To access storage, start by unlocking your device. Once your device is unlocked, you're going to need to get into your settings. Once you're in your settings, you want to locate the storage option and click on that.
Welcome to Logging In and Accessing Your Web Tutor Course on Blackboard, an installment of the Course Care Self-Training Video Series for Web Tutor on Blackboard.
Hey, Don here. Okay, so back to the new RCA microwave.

--

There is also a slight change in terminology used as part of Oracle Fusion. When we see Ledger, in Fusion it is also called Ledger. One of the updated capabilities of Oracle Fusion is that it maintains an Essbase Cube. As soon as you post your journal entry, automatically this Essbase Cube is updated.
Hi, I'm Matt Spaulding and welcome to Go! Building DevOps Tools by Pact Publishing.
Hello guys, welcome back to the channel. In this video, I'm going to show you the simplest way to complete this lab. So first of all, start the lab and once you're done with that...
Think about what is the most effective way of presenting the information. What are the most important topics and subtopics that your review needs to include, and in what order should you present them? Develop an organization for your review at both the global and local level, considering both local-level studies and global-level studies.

What needs to be done
Please transcribe only the lines in the records above running from the line that has "To access storage, start" through the line that has "Hey, Don here.", both included, exactly as they appear.

Expected output
To access storage, start by unlocking your device. Once your device is unlocked, you're going to need to get into your settings. Once you're in your settings, you want to locate the storage option and click on that.
Welcome to Logging In and Accessing Your Web Tutor Course on Blackboard, an installment of the Course Care Self-Training Video Series for Web Tutor on Blackboard.
Hey, Don here. Okay, so back to the new RCA microwave.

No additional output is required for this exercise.